Our next historical feature about a past match against our next opponents focuses on a showdown for Champions League football that had huge consequences for the Blues…

Liverpool’s visit to the Bridge on 11 May 2003 was dubbed the ‘£10m knockout bout’ as the riches of possible Champions League entry were at stake in the last league action of the season.

The hosts, a point ahead of the Reds, needed only a draw to secure fourth place and a ticket to the final qualifying round of the 2003/04 campaign. There were external pressures at play behind the scenes at Chelsea, however.
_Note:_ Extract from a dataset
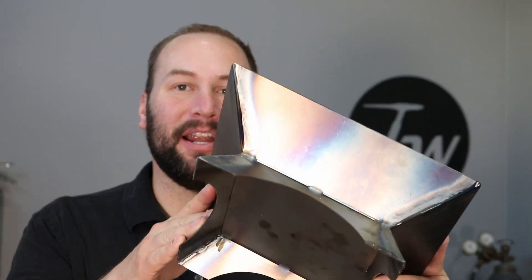Hey, welcome to the shop. Today I made a mini fire pit. I think it turned out pretty nice. I'm going to show you how I did it.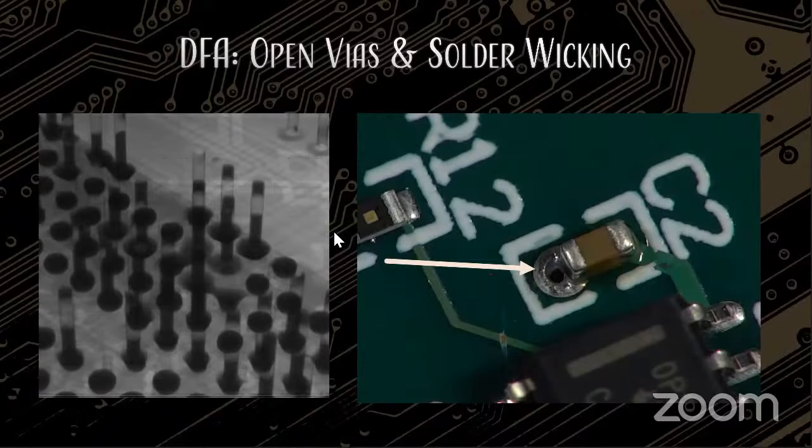On the DFA side at Advanced Assembly, if we're taking in a consigned kit where the customer's procuring their own parts and boards, it's our responsibility to identify the issue. We can give the customer feedback and go through a potential rework process, or we can say our best attempt at keeping voiding under a component to acceptable levels — but it really reduces the ability to meet spec at the end of the day. The slight offset of cost on getting vias filled is going to save thousands in the long run.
At the Royal Lancaster Hotel the night before the squad were ushered into a room to hear a talk by a US veteran of the Vietnam War, who stunned his audience with the traumatic story of how one of his platoon had sacrificed himself so his trapped comrades could escape. He ended by urging the players to die for their team-mates the following day.

The players were then addressed rather differently by chief executive Trevor Birch, who explained that recent cutbacks they had noticed were the thin end of the wedge, and that a financial crisis could engulf the club should they not secure Champions League football.
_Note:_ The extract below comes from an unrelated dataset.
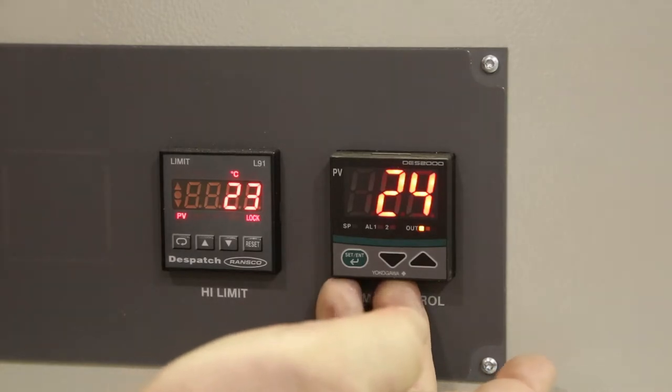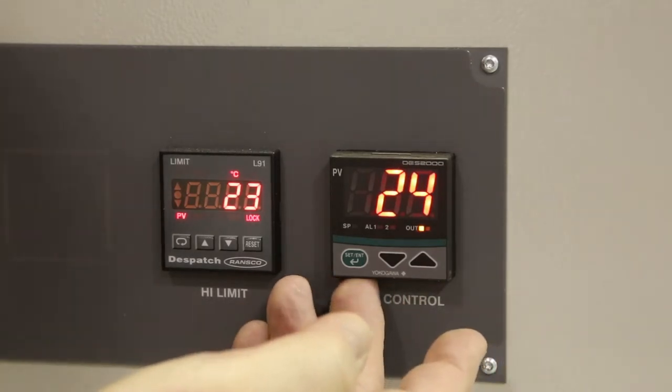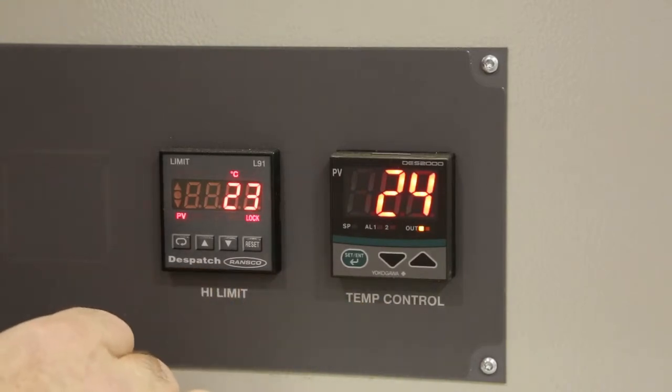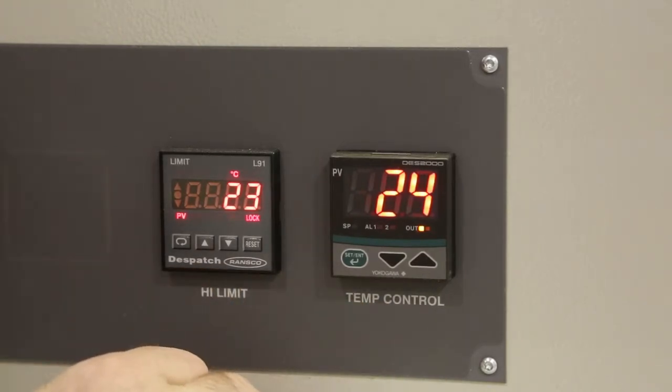This is the DES-2000 controller utilized on Despatch's LBB series of ovens. This video will show you how to check the configuration setups.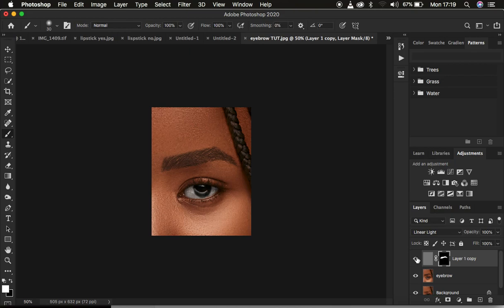Basically, this is how to draw, shape, or sculpt eyebrows within Photoshop. If you found the video helpful, make a point of hitting the like button so that YouTube can push and recommend this video to many people. This is Ronix from Ronix Photography — thank you for watching. I'll see you in more amazing tutorials, and don't forget to keep practicing and keep creating.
It is unclear which of the speakers proved more motivational, or whether it was the boisterous encouragement of a 42,000 crowd – completely oblivious to those behind-the-scenes events – but after an early setback the Blues duly did the job against Liverpool.

Sami Hyypia drew first blood with a header against the run of play, but two minutes later winger Jesper Gronkjaer crossed superbly and Marcel Desailly equalised with his head.

A point would have been enough, so Desailly’s ended up the ‘knockout’ goal, but just past the midpoint of the first half the Dane doubled his impact by scoring what would prove the winner with a curling drive.

Steven Gerrard’s late red card confirmed the inevitable, and after the final whistle the jubilant Chelsea players, knowing the secret part of their mission had also been achieved, performed a lap of honour, exhausted and relieved.